Pastor Kidder looked at her and said, “Would you like to give your heart to Jesus?” She said yes. And they prayed together, and she accepted Jesus as her Savior. Then he reached into one of the pews and took out a Bible and opened it to the first chapter of John. He said, “This Bible is our gift to you. I would like you to go home and read the first chapter of John and come back this evening.”
So Michelle went home, didn’t go to sleep, and started reading John. She read John 1, but didn’t stop. She went on to John 2, and then John 3, getting more excited all the time. Then she read John 4, which talks about the woman of Samaria and her conversation with Jesus at the well.
Michelle said, “If this woman could bring her village to Jesus, I can bring all of my friends and relatives to hear about Jesus.” So she spent Sabbath morning inviting all of her friends and relatives to the evening meeting. 54 of them showed up that Saturday night. At the end of the evangelistic series, Michelle and 11 of her family members were baptized.

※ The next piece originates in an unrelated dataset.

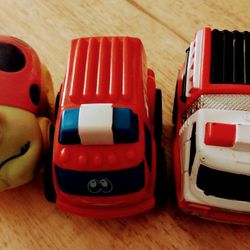 Children's Push Cars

You see, thanks to the Holy Spirit, Michelle finally paid attention to her Savior. Even though she’d had a sinful heart, even though she had previously paid no attention to Jesus, and even though she had no interest in Him, He didn’t give up on her. And four years later, when Pastor Kidder left that church, the Lord had grown it from 9 people to 180.
The last part of Isaiah 53 tells the good news that Jesus will triumph in the end. Let’s start with verse 7:
Verses 7 – 12: He was oppressed and He was afflicted, Yet He opened not His mouth; He was led as a lamb to the slaughter, And as a sheep before its shearers is silent, So He opened not His mouth. He was taken from prison and from judgment, And who will declare His generation? For He was cut off from the land of the living; For the transgressions of My people He was stricken. And they made His grave with the wicked— But with the rich at His death, Because He had done no violence, Nor was any deceit in His mouth. Yet it pleased the LORD to bruise Him; He has put Him to grief. When You make His soul an offering for sin, He shall see His seed, He shall prolong His days, And the pleasure of the LORD shall prosper in His hand. He shall see the labor of His soul, and be satisfied. By His knowledge My righteous Servant shall justify many, For He shall bear their iniquities. Therefore I will divide Him a portion with the great, And He shall divide the spoil with the strong, Because He poured out His soul unto death, And He was numbered with the transgressors, And He bore the sin of many, And made intercession for the transgressors.
And ever since then, through His Holy Spirit, and His disciples, and through the pages of the Bible, Jesus has been calling to everyone to come to Him for rest.
That’s what Michelle needed, that’s what I have needed, and maybe that’s what you need as this new year begins. Would you like to turn your life over to your Savior again this morning, or for the first time? Raise your hand if that’s your desire.